WHAT YOU NEED TO DO —
Only one stretch of lines is wanted: the line with "Bildnis des Michel Adanson" through the final line of the material. Restate it word for word, minus pictures.

[Opening GIVEN DATA section]

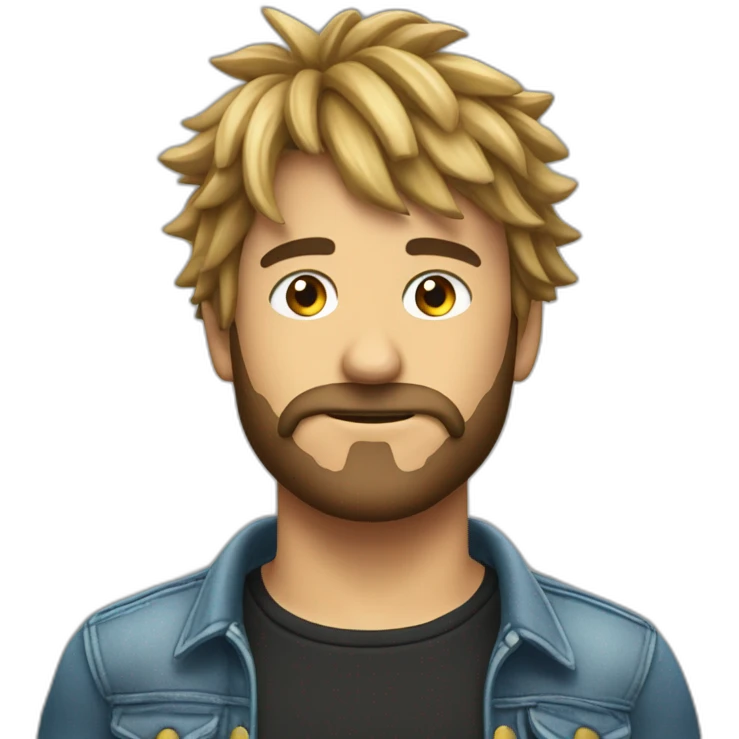 Un chico  con flequillo que sea bl que sea un bandidoanco  emoji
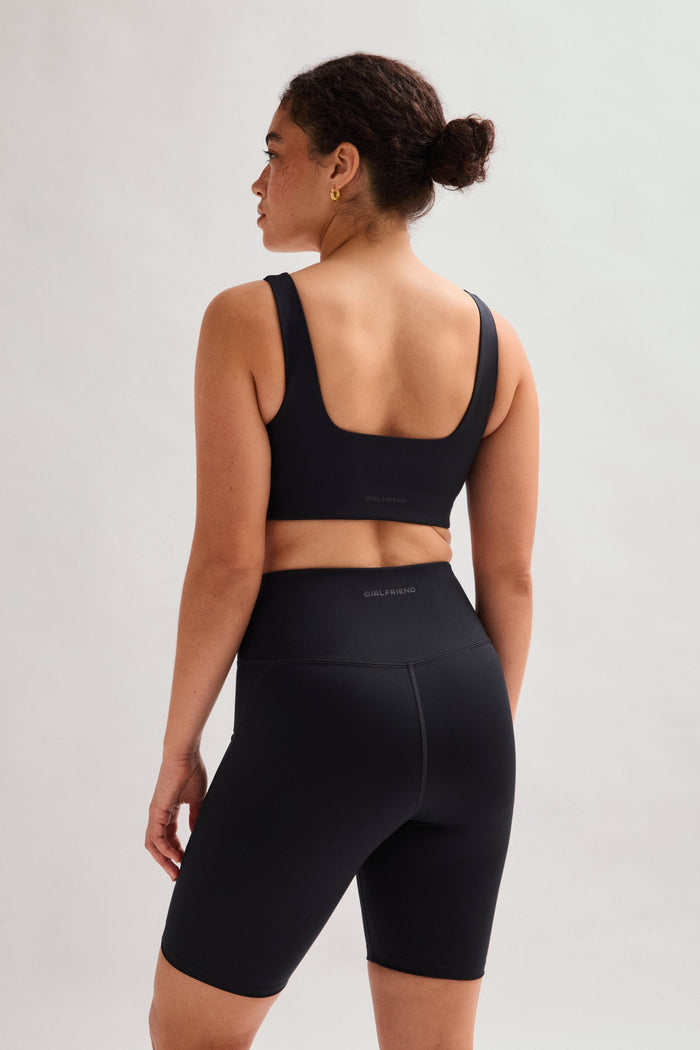 Black High-Rise Bike Short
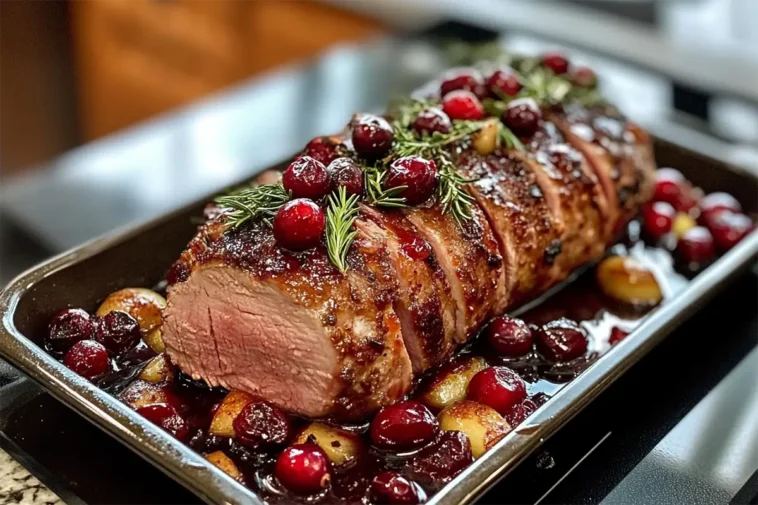 Thanksgiving Cranberry Dijon Pork Loin Roast with Apple Cider Glaze Recipe 1 Thanksgiving Cranberry Dijon Pork Loin Roast with Apple Cider Glaze Recipe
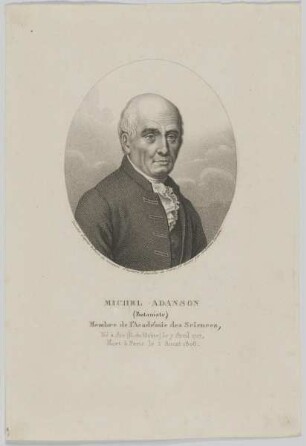 Bildnis des Michel Adanson
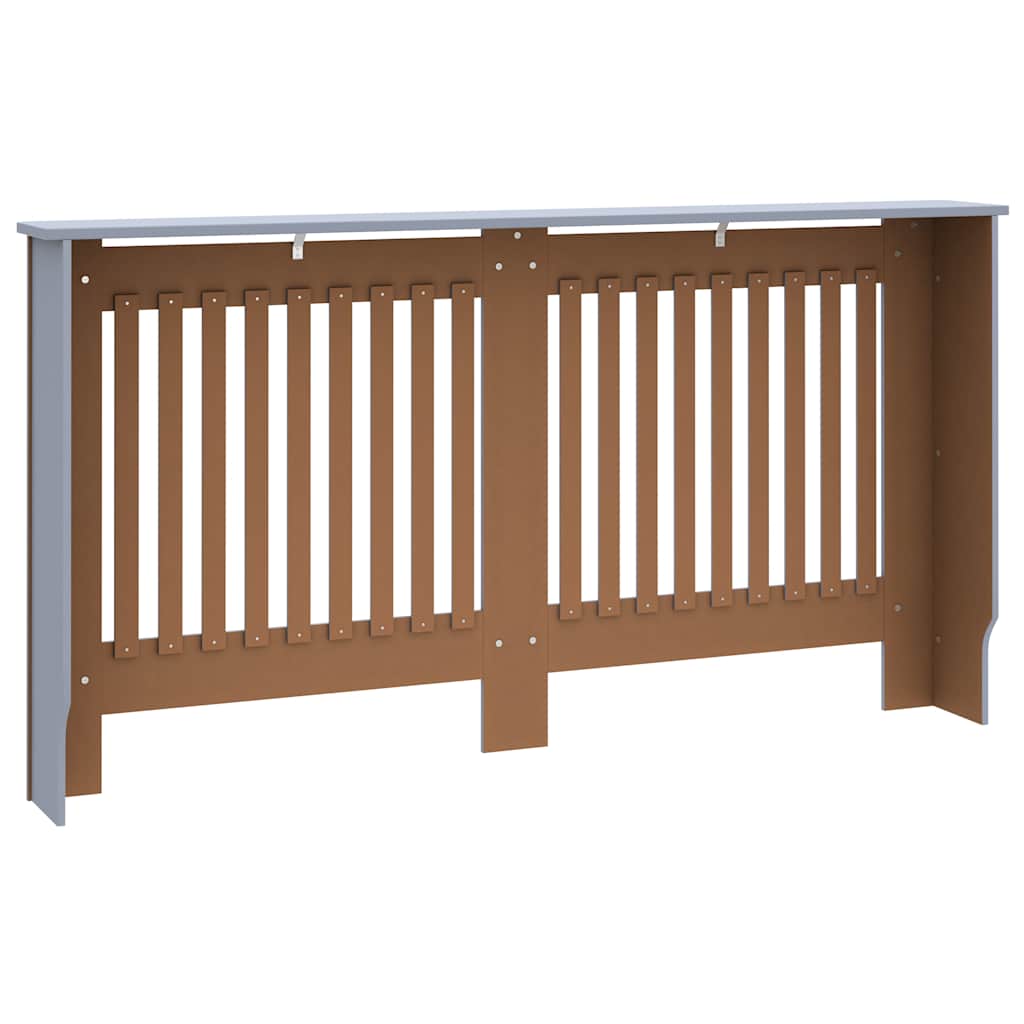Pokrov za radijator antracit 152 x 19 x 81,5 cm MDF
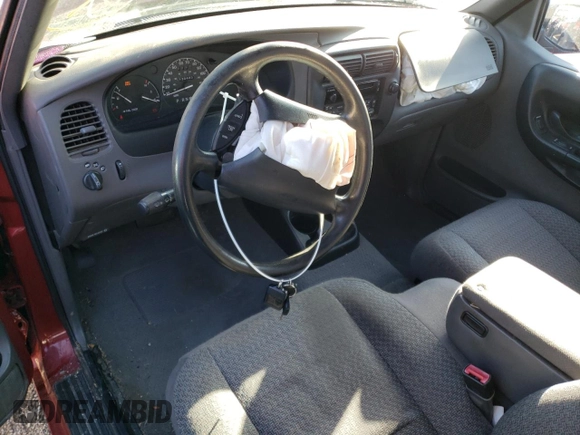 1999 Ford Ranger XLT with VIN 1FTYR10X6XPA71233, listed as a Copart auction lot 45535835 with 130,480 mi miles and Non repairable. Bid and sale history available at DreamBid. Image 8.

[Closing GIVEN DATA section]

RESPONSE —
 Bildnis des Michel Adanson
Pokrov za radijator antracit 152 x 19 x 81,5 cm MDF
 1999 Ford Ranger XLT with VIN 1FTYR10X6XPA71233, listed as a Copart auction lot 45535835 with 130,480 mi miles and Non repairable. Bid and sale history available at DreamBid. Image 8.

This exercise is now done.